The Public and its Problems was Dewey's first major work concerned exclusively with political philosophy, though he had both commented and written on politics frequently for much of his career, and made forays into the subject as it related to education in Democracy and Education in 1916, and would go on to publish numerous works on the subject, including Individualism: Old and New(1930) and Liberalism and Social Action (1935) and Freedom and Culture (1939). Dewey was an ardent democrat who while still at university in 1888 had contended "Democracy and the one, ultimate, ethical ideal of humanity are to my mind synonymous."

Dewey was moved to write in defence of democracy in the wake of two widely read and influential works written by journalist Walter Lippmann in the 1920s which echoed a rising intellectual trend both in the United States and Europe that was critical of the potential for self-governing democratic societies. In the first, Public Opinion (1922), Lippman contends that public opinion suffers from two major problems – that regular citizens have insufficient access to or interest in the facts of their environment, and that what information they receive is heavily distorted by cognitive biases, manipulation by the media, inadequate expertise and cultural norms. Lippmann contends that citizens construct a pseudo-environment that is a subjective, biased, and necessarily abridged mental image of the world, and to a degree, everyone's pseudo-environment is a fiction. Subsequently, because of the near impossibility of developing an adequately informed public that a democracy requires to make effective public policy in world of increasingly complex policy problems, Lippmann contends that a technocratic elite is better placed to work for the public interest without necessarily undermining the notion of consent of the governed. Lippmann expanded upon his critiques of democracy and the public as an illusory and often dangerous force in The Phantom Public (1925), contending famously that "the public must be put in its place...so that each of us may live free of the trampling and the roar of a bewildered herd." He dismisses the notion of the existence of "the public" as used in democratic theory, and advances again a notion that elites are the only force capable of effectively achieving something akin to the 'public interest' in practice.

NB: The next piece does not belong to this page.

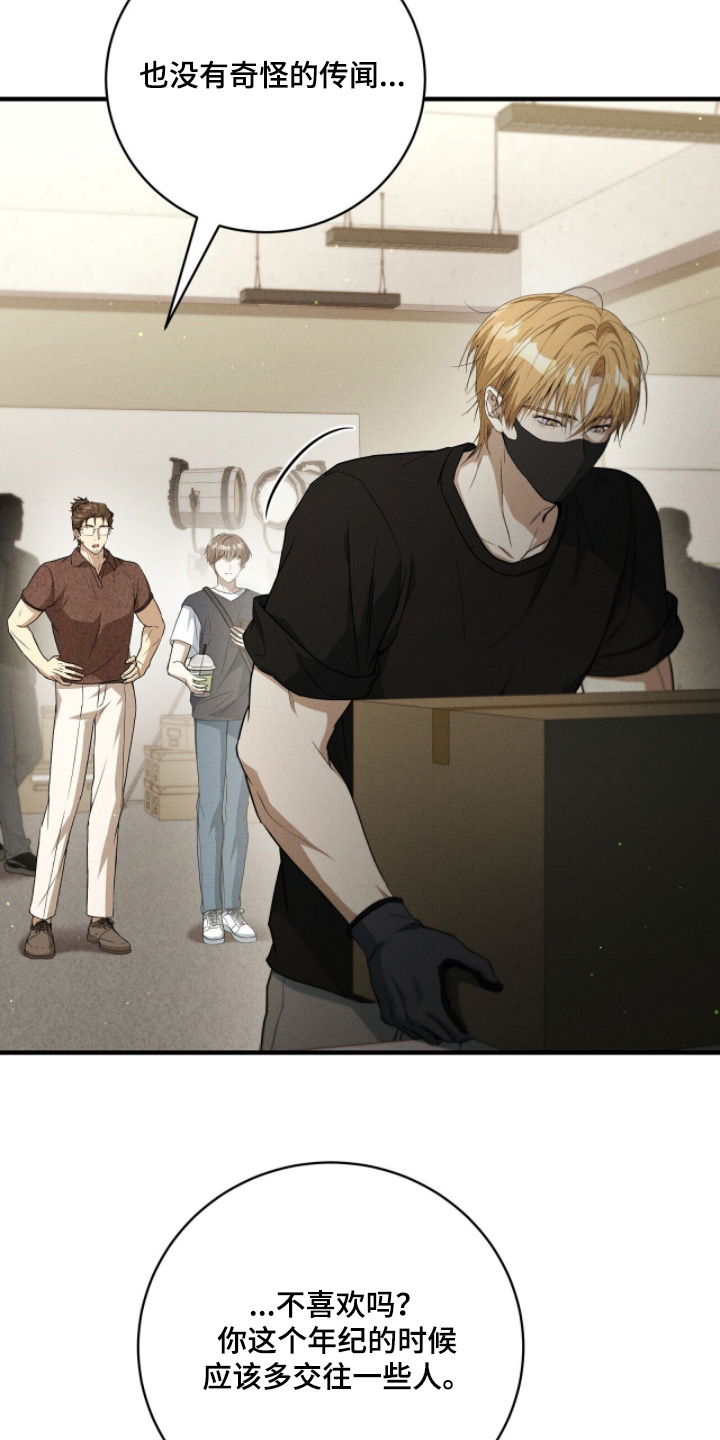 ab标记怎么设置漫画,第43章：一路辛苦3图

Dewey saw Lippmann's work as "perhaps the most effective indictment of democracy as currently conceived ever penned" but felt compelled to come to the defence of democratic theory and to reject what he saw as argumentation on the part of Lippman that was particularly doctrinaire and absolutist in its judgements, and saw his own philosophical pragmatism as a means by which a more accurate and realistic conception of what the public and democracy was capable of it, and its limitations.

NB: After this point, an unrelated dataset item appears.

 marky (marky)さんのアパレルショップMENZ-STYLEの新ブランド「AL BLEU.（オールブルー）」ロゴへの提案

The spirit of Lippmann's critique of democracy was not new to Dewey. One of his first essays, "The Ethics of Democracy," was a response to the jurist and historian Sir Henry Maine, whose Popular Government anticipated many of Lippmann's critique. Written in 1888 at the age of twenty-nine, "The Ethics of Democracy" was Dewey's first defence of democracy, one that can be read as a direct predecessor of The Public and Its Problems.